*** Begin section ***
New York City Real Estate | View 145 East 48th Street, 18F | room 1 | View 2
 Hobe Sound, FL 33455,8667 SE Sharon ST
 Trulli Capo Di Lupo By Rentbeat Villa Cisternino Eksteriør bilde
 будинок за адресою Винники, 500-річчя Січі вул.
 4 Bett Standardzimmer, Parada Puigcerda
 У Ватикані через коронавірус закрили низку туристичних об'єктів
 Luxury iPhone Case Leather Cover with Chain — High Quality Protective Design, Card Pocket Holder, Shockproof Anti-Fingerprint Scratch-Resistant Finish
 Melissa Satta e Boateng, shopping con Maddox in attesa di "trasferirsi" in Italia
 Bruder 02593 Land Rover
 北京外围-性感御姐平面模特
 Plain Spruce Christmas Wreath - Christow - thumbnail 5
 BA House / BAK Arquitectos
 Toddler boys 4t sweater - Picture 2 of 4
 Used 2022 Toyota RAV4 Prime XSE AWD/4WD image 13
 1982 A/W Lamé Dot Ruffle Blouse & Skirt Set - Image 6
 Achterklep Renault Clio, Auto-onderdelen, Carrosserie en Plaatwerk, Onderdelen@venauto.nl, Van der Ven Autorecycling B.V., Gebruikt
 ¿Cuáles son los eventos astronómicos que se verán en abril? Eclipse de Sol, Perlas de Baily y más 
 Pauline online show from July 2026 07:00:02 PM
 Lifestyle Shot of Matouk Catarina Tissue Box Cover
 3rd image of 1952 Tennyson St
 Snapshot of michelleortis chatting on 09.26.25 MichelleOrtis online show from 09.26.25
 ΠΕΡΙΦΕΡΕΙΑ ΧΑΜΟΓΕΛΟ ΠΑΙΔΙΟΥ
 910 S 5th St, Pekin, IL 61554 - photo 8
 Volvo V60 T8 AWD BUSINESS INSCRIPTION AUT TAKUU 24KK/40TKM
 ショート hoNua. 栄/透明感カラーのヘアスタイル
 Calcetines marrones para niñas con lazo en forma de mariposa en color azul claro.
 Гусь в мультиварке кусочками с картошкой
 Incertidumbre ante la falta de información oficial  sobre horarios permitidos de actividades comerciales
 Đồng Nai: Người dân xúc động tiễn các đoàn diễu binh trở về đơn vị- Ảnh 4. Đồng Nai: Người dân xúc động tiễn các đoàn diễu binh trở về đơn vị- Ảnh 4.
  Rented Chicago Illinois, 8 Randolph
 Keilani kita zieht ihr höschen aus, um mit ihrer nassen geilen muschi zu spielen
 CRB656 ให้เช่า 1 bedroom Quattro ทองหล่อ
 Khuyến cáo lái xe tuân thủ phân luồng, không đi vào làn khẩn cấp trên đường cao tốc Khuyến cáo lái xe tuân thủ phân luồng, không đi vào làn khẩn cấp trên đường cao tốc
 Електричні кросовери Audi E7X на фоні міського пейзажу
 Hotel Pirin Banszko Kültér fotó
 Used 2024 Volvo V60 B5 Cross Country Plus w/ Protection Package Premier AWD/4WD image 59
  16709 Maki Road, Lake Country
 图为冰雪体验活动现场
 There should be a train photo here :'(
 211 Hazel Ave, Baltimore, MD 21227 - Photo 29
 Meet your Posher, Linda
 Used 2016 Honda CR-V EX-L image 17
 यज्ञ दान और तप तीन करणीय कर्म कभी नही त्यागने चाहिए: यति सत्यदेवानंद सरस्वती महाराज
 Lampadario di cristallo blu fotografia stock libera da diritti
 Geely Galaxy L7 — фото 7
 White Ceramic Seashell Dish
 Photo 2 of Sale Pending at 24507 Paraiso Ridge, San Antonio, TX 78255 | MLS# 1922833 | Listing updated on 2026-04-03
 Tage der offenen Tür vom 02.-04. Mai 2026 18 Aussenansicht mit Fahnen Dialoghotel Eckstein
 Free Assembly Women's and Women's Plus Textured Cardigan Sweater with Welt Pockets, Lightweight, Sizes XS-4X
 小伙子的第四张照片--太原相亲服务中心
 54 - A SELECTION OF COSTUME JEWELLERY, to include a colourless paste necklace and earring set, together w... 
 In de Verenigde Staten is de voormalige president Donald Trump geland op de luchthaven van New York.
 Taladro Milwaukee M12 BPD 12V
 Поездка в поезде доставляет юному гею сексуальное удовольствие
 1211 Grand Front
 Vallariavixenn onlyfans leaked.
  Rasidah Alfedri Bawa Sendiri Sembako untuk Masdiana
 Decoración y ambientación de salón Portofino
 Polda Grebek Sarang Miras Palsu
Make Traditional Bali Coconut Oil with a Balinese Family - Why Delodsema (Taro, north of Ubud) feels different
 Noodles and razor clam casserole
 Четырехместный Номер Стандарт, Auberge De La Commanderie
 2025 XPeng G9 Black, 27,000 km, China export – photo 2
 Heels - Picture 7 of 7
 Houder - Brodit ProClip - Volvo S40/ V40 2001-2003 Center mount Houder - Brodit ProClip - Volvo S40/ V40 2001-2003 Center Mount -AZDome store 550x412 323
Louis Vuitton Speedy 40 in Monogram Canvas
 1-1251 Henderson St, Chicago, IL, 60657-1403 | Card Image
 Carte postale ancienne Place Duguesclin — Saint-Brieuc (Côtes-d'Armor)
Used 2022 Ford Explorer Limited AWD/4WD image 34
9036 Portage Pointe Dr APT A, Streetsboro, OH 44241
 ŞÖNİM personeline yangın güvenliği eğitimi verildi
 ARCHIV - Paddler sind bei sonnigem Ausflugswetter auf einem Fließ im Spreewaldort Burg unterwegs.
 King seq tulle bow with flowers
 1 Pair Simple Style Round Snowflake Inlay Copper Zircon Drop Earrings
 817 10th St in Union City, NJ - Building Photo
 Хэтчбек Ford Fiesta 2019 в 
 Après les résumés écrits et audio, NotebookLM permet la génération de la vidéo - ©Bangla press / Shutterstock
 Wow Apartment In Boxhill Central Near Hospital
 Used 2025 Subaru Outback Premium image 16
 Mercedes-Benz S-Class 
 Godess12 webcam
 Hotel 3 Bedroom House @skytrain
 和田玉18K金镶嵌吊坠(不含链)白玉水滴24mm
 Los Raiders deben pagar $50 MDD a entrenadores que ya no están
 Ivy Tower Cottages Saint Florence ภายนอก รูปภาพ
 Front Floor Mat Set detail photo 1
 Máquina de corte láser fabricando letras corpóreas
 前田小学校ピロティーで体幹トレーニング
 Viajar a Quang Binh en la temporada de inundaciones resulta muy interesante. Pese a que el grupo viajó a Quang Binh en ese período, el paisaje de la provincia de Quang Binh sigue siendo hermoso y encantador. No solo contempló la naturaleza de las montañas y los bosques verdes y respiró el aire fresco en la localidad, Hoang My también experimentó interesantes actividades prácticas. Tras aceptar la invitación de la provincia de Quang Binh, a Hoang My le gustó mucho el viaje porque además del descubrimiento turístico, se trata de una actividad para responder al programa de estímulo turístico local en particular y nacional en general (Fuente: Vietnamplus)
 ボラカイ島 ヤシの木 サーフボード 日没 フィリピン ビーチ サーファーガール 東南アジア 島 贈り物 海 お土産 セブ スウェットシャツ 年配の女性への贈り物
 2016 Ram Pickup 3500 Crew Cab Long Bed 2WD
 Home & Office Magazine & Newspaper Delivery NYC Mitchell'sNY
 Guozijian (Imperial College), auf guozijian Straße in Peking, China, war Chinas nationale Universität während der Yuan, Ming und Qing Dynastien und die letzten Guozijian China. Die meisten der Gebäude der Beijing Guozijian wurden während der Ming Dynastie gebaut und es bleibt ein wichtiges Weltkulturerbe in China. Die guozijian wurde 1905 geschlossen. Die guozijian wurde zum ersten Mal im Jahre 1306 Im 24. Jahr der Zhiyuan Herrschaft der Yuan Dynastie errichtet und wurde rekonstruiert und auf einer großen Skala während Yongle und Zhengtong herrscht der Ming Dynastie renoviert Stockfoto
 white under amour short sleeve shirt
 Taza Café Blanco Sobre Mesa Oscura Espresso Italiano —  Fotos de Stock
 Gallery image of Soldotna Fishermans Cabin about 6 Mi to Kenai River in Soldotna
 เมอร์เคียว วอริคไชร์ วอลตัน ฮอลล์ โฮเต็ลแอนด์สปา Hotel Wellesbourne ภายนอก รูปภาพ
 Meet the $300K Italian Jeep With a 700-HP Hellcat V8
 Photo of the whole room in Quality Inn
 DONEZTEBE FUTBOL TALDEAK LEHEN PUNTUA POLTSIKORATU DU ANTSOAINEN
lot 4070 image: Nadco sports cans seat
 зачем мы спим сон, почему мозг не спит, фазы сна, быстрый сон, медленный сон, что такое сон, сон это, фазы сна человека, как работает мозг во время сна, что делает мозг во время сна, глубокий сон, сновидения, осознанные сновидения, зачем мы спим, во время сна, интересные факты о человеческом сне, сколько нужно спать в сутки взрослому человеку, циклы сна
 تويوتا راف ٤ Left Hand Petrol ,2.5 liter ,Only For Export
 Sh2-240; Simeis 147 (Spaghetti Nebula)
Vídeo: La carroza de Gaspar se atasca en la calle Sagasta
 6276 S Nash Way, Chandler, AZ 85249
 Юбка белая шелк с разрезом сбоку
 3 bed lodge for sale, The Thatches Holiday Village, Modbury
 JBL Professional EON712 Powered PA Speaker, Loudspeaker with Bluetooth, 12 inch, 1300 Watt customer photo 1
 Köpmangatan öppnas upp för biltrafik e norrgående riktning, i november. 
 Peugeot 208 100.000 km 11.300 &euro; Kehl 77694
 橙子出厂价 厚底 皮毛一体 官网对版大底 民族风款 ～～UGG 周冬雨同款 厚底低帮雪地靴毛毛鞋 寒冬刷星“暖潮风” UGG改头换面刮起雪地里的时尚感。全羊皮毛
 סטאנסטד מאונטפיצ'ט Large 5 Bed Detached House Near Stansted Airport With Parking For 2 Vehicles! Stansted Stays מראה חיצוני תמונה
*** End section ***
▶ Assignment
Show the lines of the listing above with "Chicago".

▶ Exercise answer
  Rented Chicago Illinois, 8 Randolph
 1-1251 Henderson St, Chicago, IL, 60657-1403 | Card Image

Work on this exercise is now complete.